Shaye stared at the florid-faced mayor, a big man in his fifties whose face always shone red when he was distressed.

“If the town’s so concerned, Mayor, then how come no one will volunteer for a posse?”

Mayor Garnett sat back in his chair. “You want the honest truth, Dan?”

“Honesty would be a nice change, coming from a politician, Charlie,” Shaye said.

“I don’t think I deserved that.”

Shaye did not reply.

“They’re afraid of you, Dan.”

“What?”

“It’s been four days since Mary’s…since Mary died, only one since she was buried,” Garnett explained. “The whole town turned out for her funeral, and all they felt from you was hate.”
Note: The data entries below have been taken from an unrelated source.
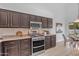 Updated kitchen with stainless steel appliances, granite counters, and dark cabinets at 186 N Starboard Dr, Gilbert, AZ 85234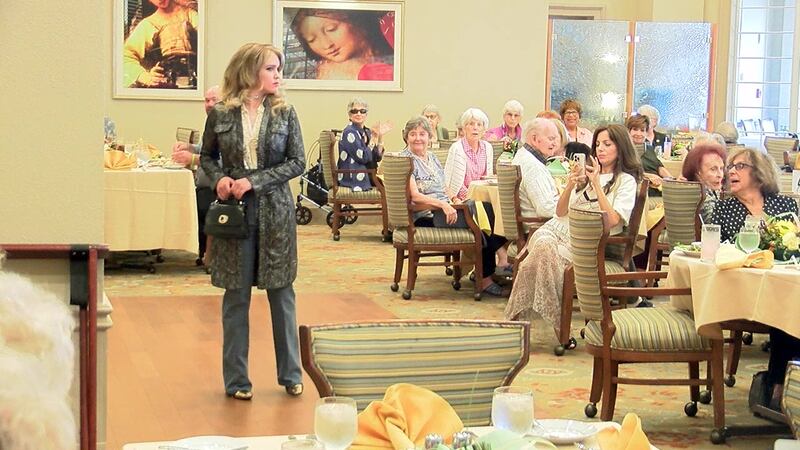 A woman in the Second Heart Homes program walks in the non-profit's fundraiser fashion show...
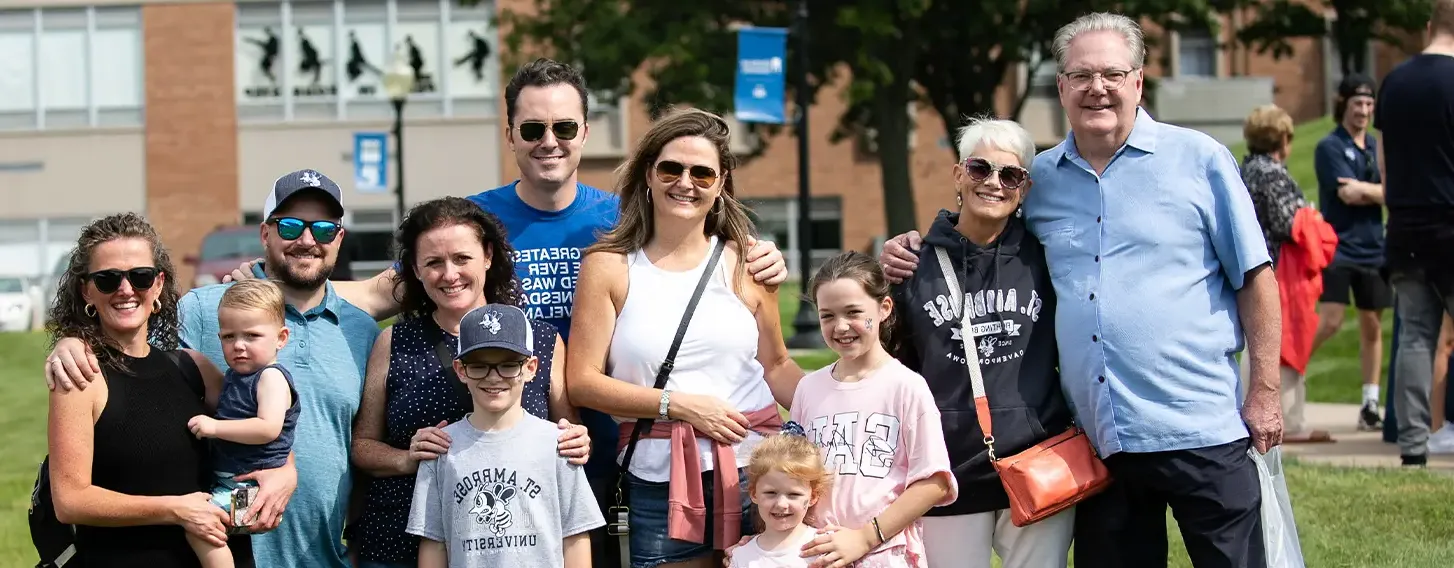 A happy family standing in front of a building, smiling.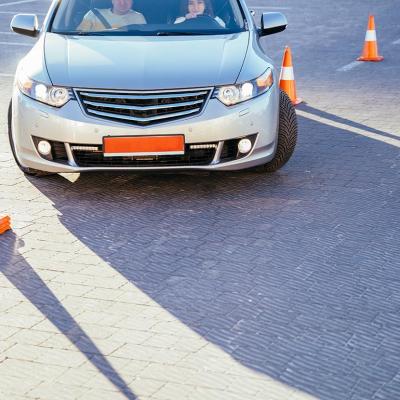 A young female student driver is being taught how to go around traffic cones.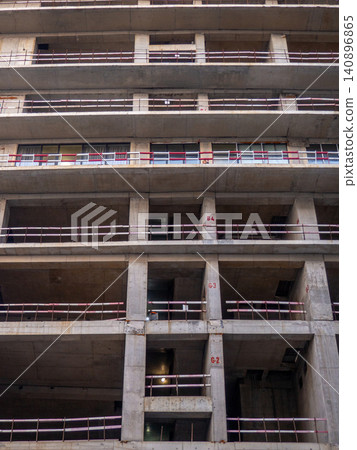 Background of buildings. Modern urban development. Lots of windows. Cement and concrete. Background of buildings. Modern urban development. Lots of windows. Cement and concrete. 140896865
“Where was the whole town when the Langer gang rode Mary down, Charlie?”

“I’ve talked with the reverend, Dan,” Garnett said. “You can’t blame the whole town for that. That was the Langer gang. Blame them. Hate them. Go after them.”

“I am going after them, Charlie,” Shaye said, “with or without a posse.”

“What about your deputies?”

“They quit.”

“Did they say why?”

“They didn’t say a word,” Shaye answered. “I found their badges on my desk this morning.”

“They’re afraid of you too, Dan.”

“What about you, Mayor?” Shaye asked. “Are you also afraid of me?”

Garnett hesitated, then said, “A little. I’ve never seen you like this, Dan. I’ve never seen a man so filled with…rage. You…you…vibrate with it. Containing it seems to take all your strength. I don’t think anyone wants to be around when it comes out.”

“The only ones who have to fear that is the Langer gang.”

“It’s been four days,” Garnett said. “They’re getting farther and farther away with our money.”

“Is that all you’re worried about, Mayor?” Shaye asked. “All you’re concerned with? The money?”

“Of course not, Dan,” Garnett said. “We want them brought to justice for what they did to Mary, but be realistic. You can’t bring Mary back, but you can bring them—and the money—back.”

For a moment Mayor Garnett thought he’d gone too far. That barely contained rage he’d seen before flared in Dan Shaye’s eyes and then subsided.

“Dan,” Charlie Garnett said, “we’re friends. We’ve been friends for twelve years, since you and Mary brought the boys here and you took the job as sheriff. I think I should be able to speak freely here.”

Shaye hesitated, then said, “Go ahead.”

“I think,” Garnett said, very carefully, “what you’re feeling is not so much anger as guilt.”

“Over what?”

“You weren’t there when Mary…when the gang hit the bank. You didn’t get there in time to stop them, or to save her.”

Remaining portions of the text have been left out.